**TASK TO COMPLETE:**
Could the listing below be returned exactly, with its pictures left out?

**EXCERPTED RECORDS:**
Start of Block

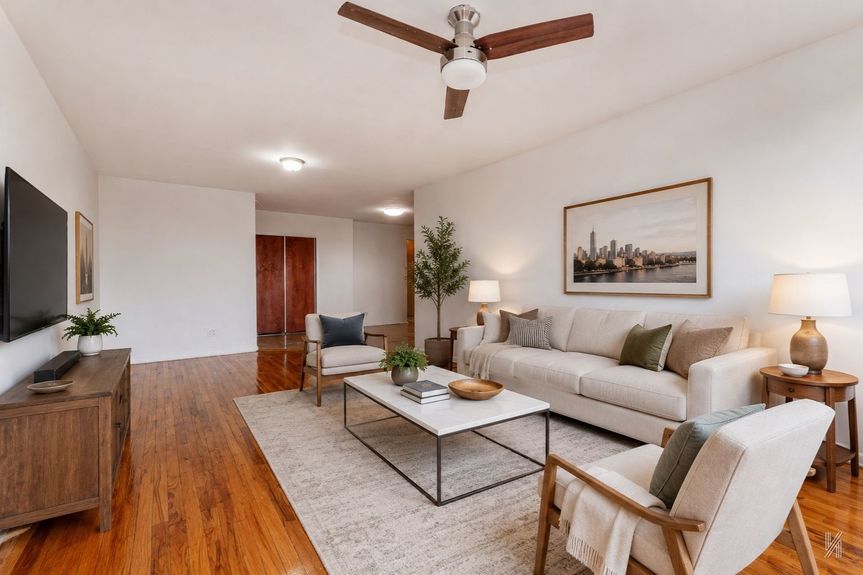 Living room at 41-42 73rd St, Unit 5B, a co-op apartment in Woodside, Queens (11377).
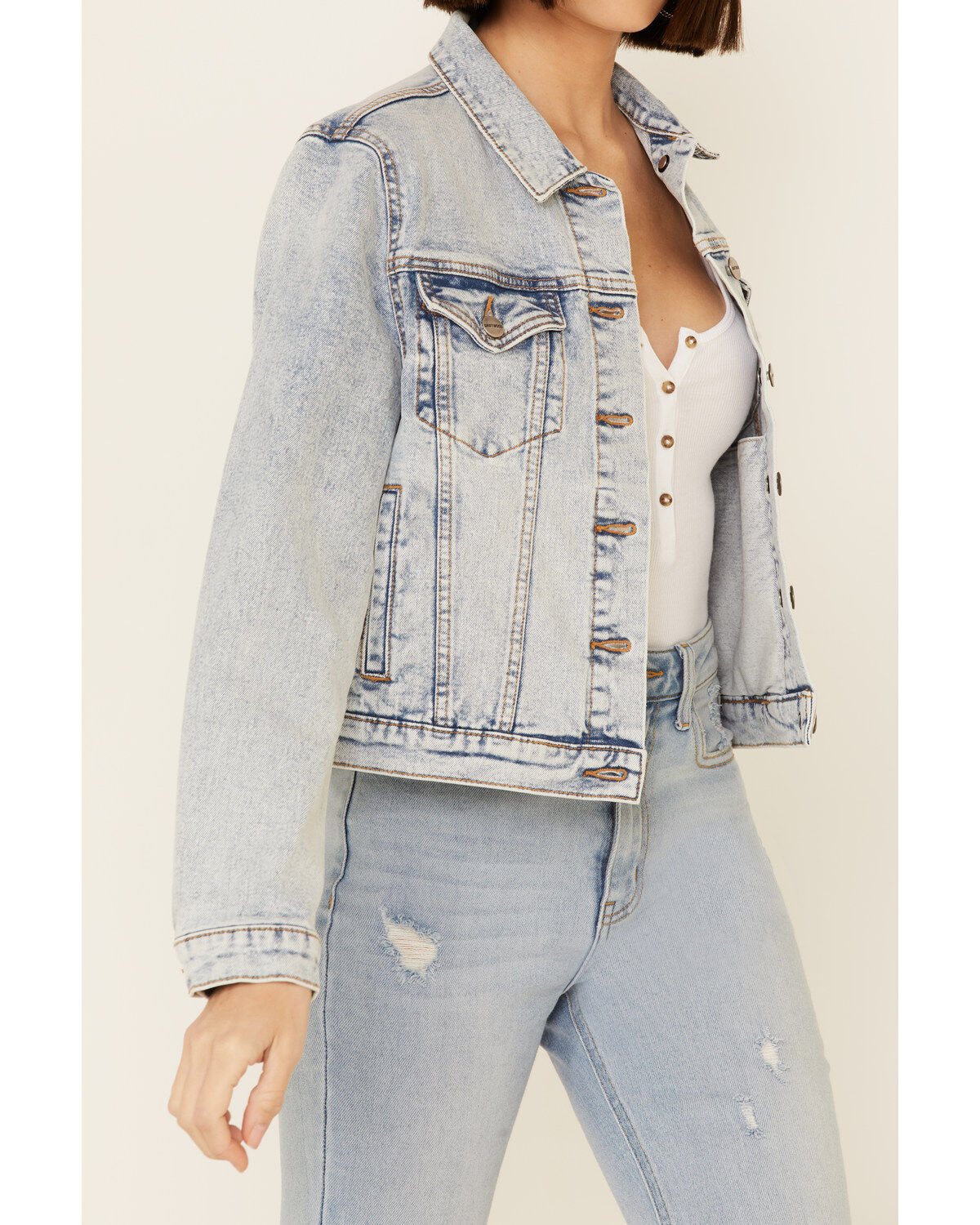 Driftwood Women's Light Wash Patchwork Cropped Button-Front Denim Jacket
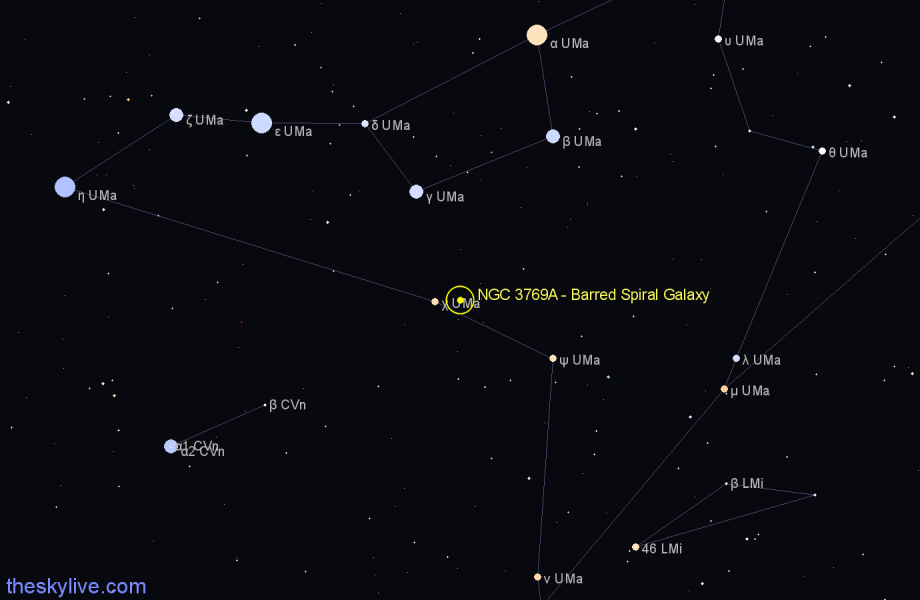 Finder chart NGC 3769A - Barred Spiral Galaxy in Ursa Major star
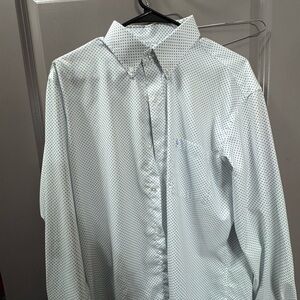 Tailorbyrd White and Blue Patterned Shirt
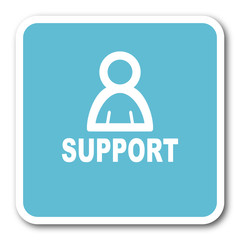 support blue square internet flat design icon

End of Block

**PROBLEM SOLUTION:**
 Living room at 41-42 73rd St, Unit 5B, a co-op apartment in Woodside, Queens (11377).
 Driftwood Women's Light Wash Patchwork Cropped Button-Front Denim Jacket
 Finder chart NGC 3769A - Barred Spiral Galaxy in Ursa Major star
 Tailorbyrd White and Blue Patterned Shirt
 support blue square internet flat design icon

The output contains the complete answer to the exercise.